§ Work to be completed
Output the complete listing exactly, please, and keep the pictures out of it.

§ Given data
________________________________________

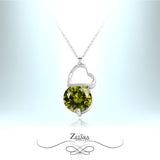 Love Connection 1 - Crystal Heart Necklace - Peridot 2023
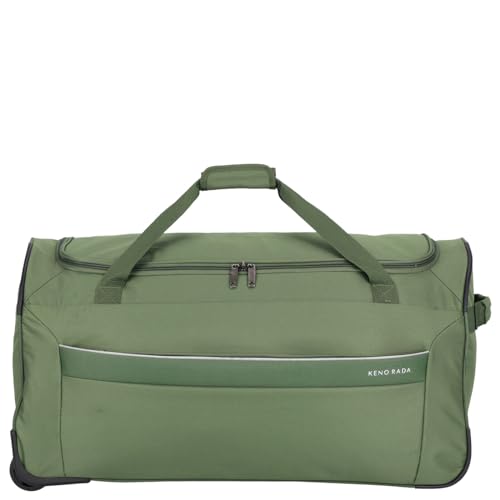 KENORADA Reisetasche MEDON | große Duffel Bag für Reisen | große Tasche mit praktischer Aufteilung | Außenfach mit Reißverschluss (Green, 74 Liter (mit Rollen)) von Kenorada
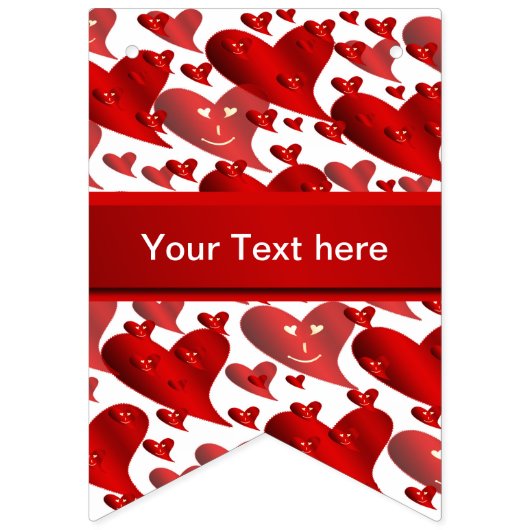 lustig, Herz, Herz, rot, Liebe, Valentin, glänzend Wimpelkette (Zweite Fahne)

________________________________________

§ Output of the exercise
 Love Connection 1 - Crystal Heart Necklace - Peridot 2023
 KENORADA Reisetasche MEDON | große Duffel Bag für Reisen | große Tasche mit praktischer Aufteilung | Außenfach mit Reißverschluss (Green, 74 Liter (mit Rollen)) von Kenorada
 lustig, Herz, Herz, rot, Liebe, Valentin, glänzend Wimpelkette (Zweite Fahne)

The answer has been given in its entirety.